Animal Cruelty/Domestic Violence Fact Sheet

Researchers have found that a batterer's first target is often an animal living in the home, the second-a spouse or child. Often, batterers are able to control their victims, such as a spouse, by threatening, torturing, and/or killing the victim's animals.

National surveys conducted by various universities and the Humane Society of the United States show that about 74% of women who are victims of domestic violence have an animal.
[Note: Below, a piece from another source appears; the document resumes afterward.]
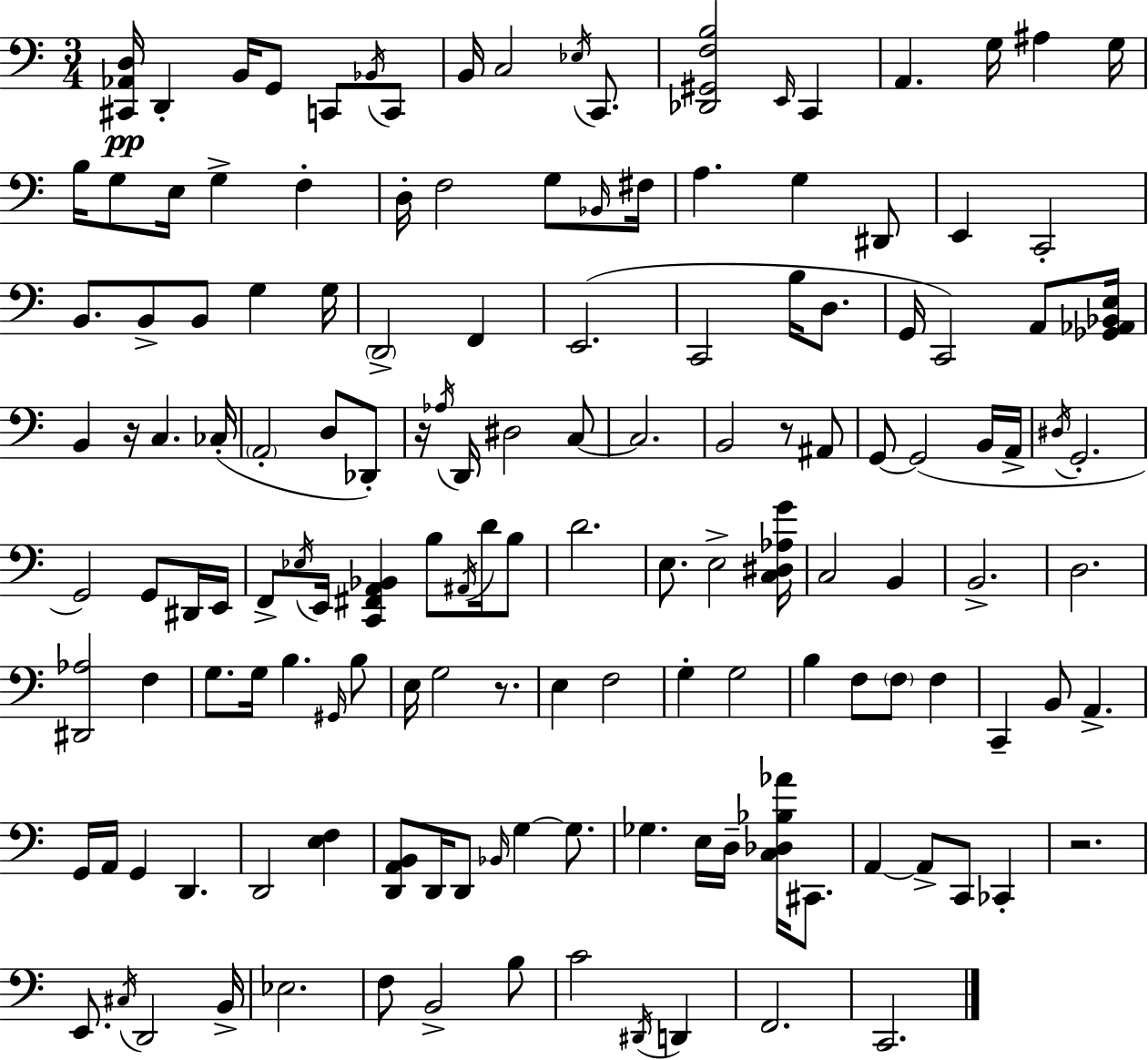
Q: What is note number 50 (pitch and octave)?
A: D3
Nearly three-quarters of those women report their pet was threatened, harmed or killed by their partners.

Why do batterers threaten, abuse, or kill animals?
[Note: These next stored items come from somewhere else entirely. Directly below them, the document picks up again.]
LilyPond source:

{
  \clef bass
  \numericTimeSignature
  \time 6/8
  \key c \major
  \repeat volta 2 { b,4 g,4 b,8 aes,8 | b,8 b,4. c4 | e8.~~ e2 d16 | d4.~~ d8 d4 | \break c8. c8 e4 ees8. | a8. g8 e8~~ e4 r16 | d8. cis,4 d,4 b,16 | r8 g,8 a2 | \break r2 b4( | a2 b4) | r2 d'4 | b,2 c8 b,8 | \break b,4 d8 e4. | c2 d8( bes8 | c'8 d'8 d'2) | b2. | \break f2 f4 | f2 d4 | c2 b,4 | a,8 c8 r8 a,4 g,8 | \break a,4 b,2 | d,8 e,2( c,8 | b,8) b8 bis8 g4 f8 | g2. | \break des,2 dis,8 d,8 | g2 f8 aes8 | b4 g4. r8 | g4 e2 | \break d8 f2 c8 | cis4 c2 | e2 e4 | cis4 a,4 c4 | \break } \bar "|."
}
  • To demonstrate and confirm power and control over the family. · To isolate the victim and children.
  • To eliminate competition for attention.
  • To force the family to keep violence a secret.
  • To teach submission.
  • To retaliate for acts of independence and self-determination.
  • To perpetuate the context of terror.
  • To prevent the victim from leaving or coerce her/him to return.
  • To punish the victim for leaving.
  • To degrade the victim through involvement in the abuse.

Why should we recognize animal abuse as a form of battering?
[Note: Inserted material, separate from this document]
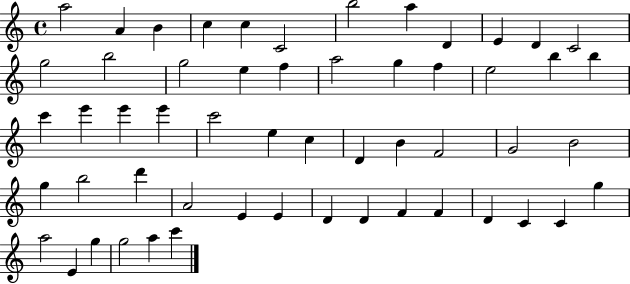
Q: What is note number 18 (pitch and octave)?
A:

  • Animal abuse exposes the deliberateness of battering rather than loss of control.
  • Animal abuse and child abuse are closely related.
  • Animal abuse is often a tool used by batterers to emotionally control or coerce victims.
  • Threatening, injuring, or killing animals can indicate the potential for increased violence or lethality.
  • Victims may postpone leaving out of fear for their pets' safety.
  • Identifying animal abusers can help identify other victims of violence within the family.

What can victims of domestic violence do to protect their pets?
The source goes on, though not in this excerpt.